Research: Massage & Palliative Care

Does massage therapy improve quality of life for hospice patients and their caregivers.

 By Martha Brown Menard, Ph.D., LMT, November 1, 2022

The Study Question

Does massage therapy improve quality of life for hospice patients and their caregivers?

Massage therapy is one of the most popular and widely used integrative therapies among hospice patients and their caregivers. However, relatively little research has been conducted to support its use, and the results of recent research have been contradictory.

This pilot study assessed the impact of a massage therapy intervention for hospice patients on patient symptom severity, caregiver quality of life (QOL) and overall patient satisfaction.

The study methods: The study used a prospective, open label design to assess feasibility and estimate outcome effect size. People in hospice care with poorly controlled symptoms and their caregivers were recruited from a single hospice program. Baseline symptom severity and QOL measures were collected.

Patient participants received up to three sessions of massage therapy at intervals of at least one week apart. Symptom measures were again collected within 72 hours following massage therapy sessions. Patients who completed at least three sessions of massage therapy completed a final symptom assessment and satisfaction survey. Caregivers completed a final assessment of symptoms and QOL.  

Symptom severity, pain, depression and anxiety were measured using the Edmonton Symptom Assessment Scale-revised, a commonly used measure in palliative care. QOL was measured using the Linear Analogue Self-Assessment (LASA), a 12-item self-report tool that assesses overall QOL and nine dimensions of QOL: mental well-being, physical well-being, emotional well-being, social activity, spiritual well-being, pain frequency, pain severity, fatigue and social support on an 11-point Likert scale. 

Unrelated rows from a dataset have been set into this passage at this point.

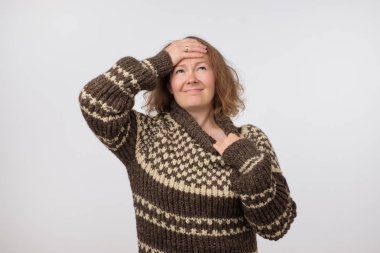 Hasta hasta Avrupa erkek portresi büyük yün kahverengi süveter giymiş. Fiziksel rahatsızlık nedeniyle ateş acı bir kadın. Beyaz kız ateşi var. O çok sıcak giysiler giyiyor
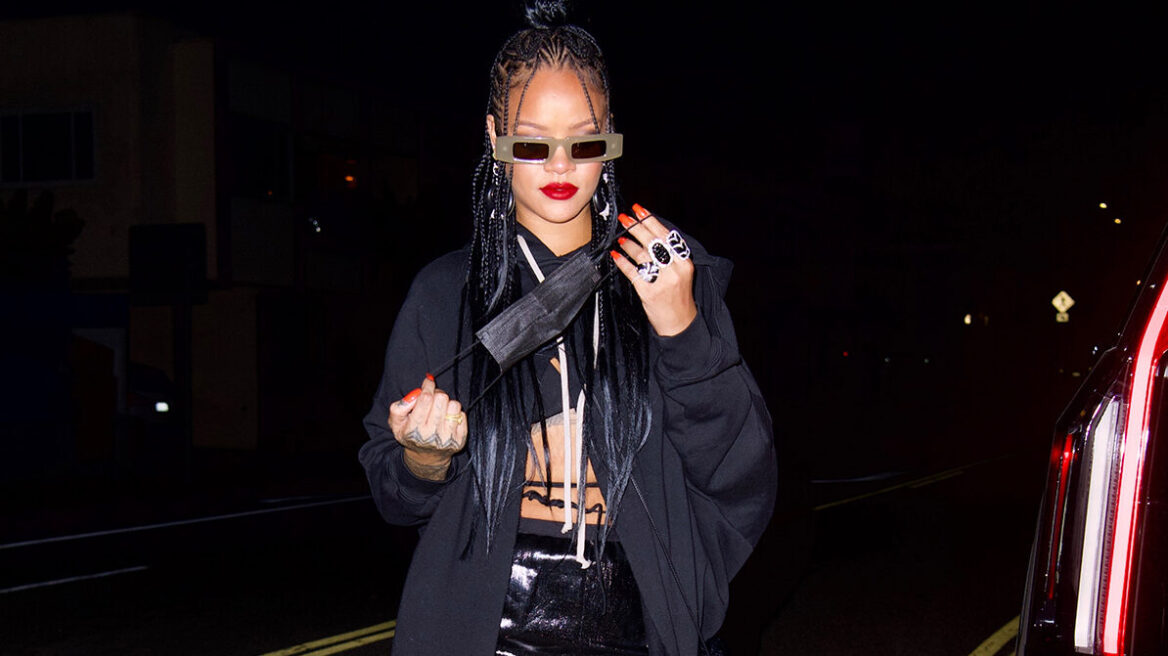 H Ριάνα φόρεσε το πιο μικροσκοπικό μίνι με το πιο μακρύ πανωφόρι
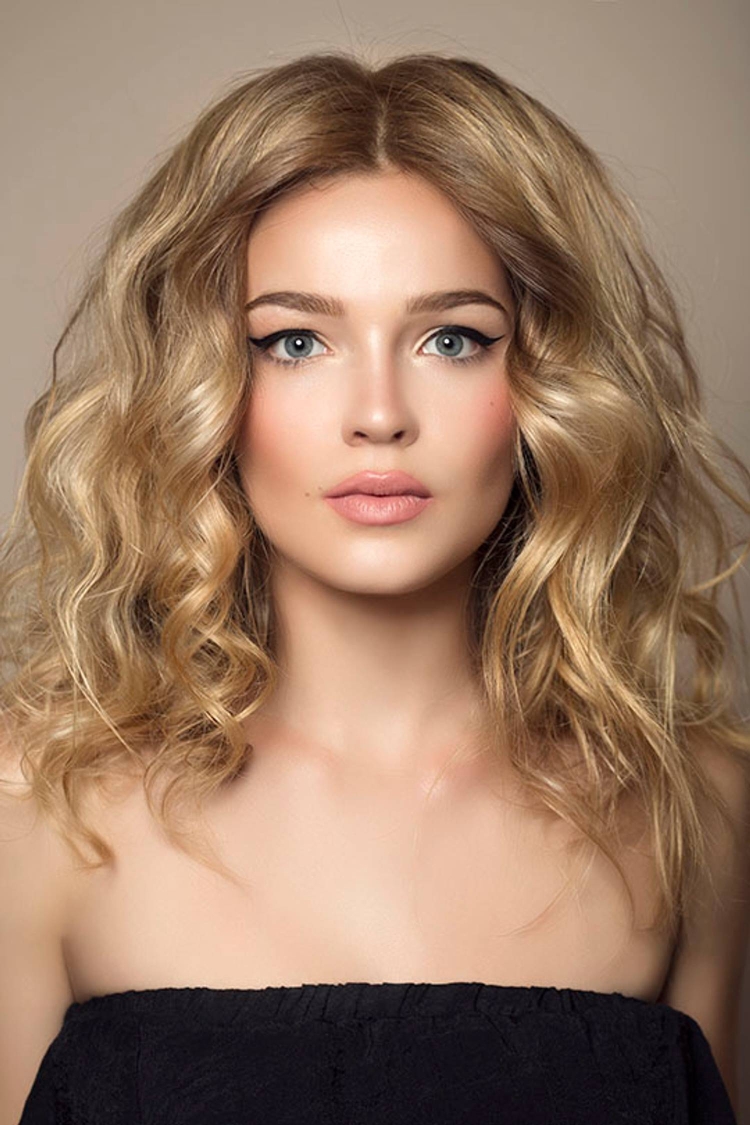 Sculpter les cheveux moyens, longs et courts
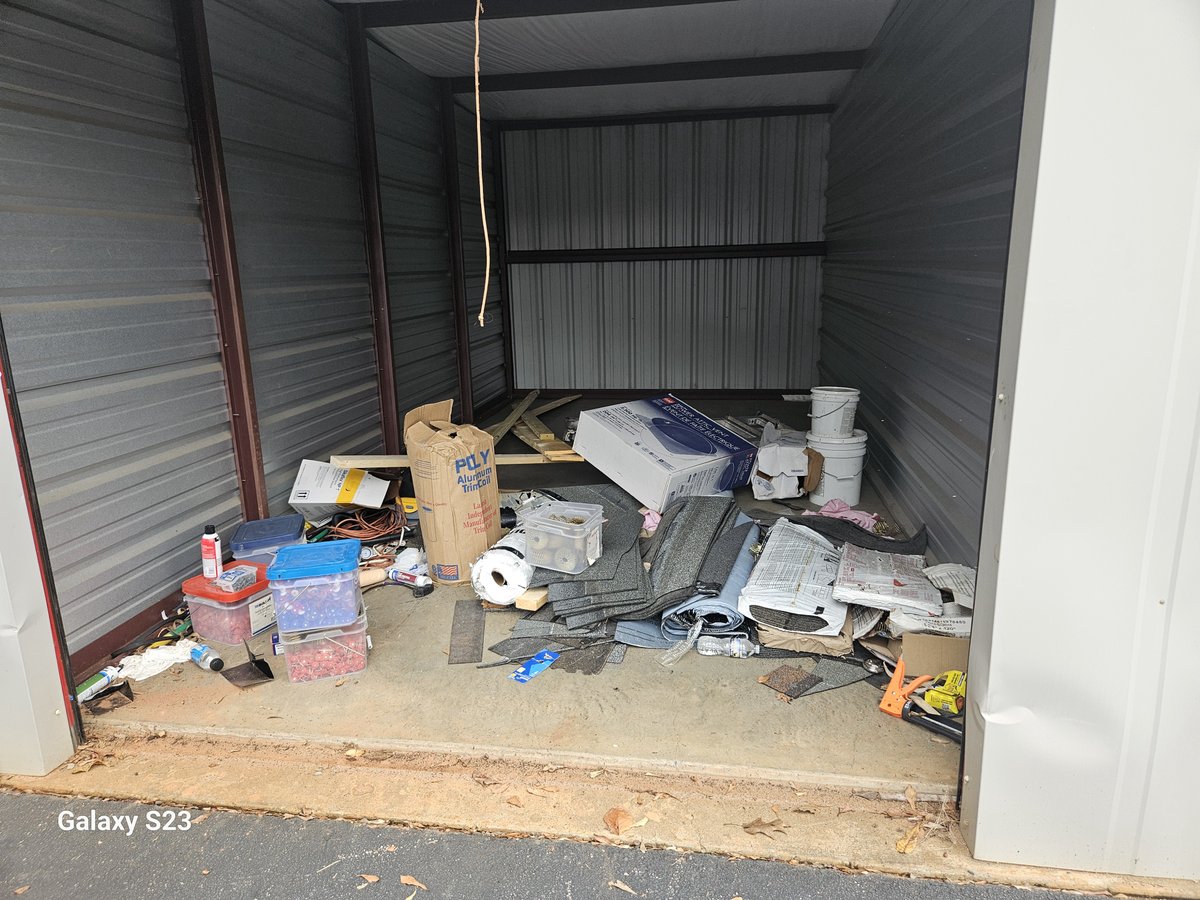 10 x 20 storage unit in Simpsonville, SC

The massage therapy interventions were all provided at home by the same certified massage therapist trained in oncology massage and individualized to the patient based on their condition. Each session lasted between 20 to 45 minutes. A typical session included two to five minutes of pre-massage assessment and positioning, 20 to 45 minutes of massage, and two to five minutes of post-massage assessment. Caregivers were allowed to be present during the massage sessions but did not receive any instruction in how to provide massage.  

The Results

Of the 27 paired patients and caregivers, 15 completed the study. The majority of patient participants (70 percent) had a primary hospice diagnosis of cancer. Most caregivers (74 percent) were spouses of the patient.

No significant differences were observed on symptoms severity or QOL in either the hospice patient group or their caregivers.  

However, in contrast to the symptom severity results, hospice patients who completed all three of the massage therapy sessions reported very high satisfaction with massage therapy, with 13 (86.7 percent) very satisfied and two (13.3 percent) somewhat satisfied. None indicated dissatisfaction.

In terms of subjective ratings of effectiveness, 66.7 percent of patients rated massage therapy as very effective for stress relief, 100 percent for relaxation, 60 percent for pain relief, and 66.7 percent for feeling of wellness. All other patients rated massage therapy as somewhat effective for each. All patients said they would recommend massage therapy to others.

Limitations of the Study

Studies with people in hospice care are challenging to conduct and tend to have high attrition rates, as this study did. Combined with the small sample size, any effect would have been more difficult to detect. The lag time between the massage session and completion of outcome measures may have contributed to the discrepancy between the high rates of satisfaction reported and the lack of any observed differences on measures of symptom severity.  

Implications for evidence-informed practice: Massage therapy appears to offer some benefit for people in hospice care, most particularly in terms of perceived satisfaction with relaxation, stress relief, and sense of well-being. More research is needed to document these or other potential benefits.   

References

1. Lopez G, Liu W, Milbury K, Spelman A, Wei Q, Bruera E, Cohen L. "The effects of oncology massage on symptom self-report for cancer patients and their caregivers." Support Care Cancer. 2017 Dec;25(12):3645-3650.

2. Genik LM, McMurtry CM, Marshall S, Rapoport A, Stinson J. "Massage therapy for symptom reduction and improved quality of life in children with cancer in palliative care: A pilot study." Complement Ther Med. 2020 Jan;48:102263.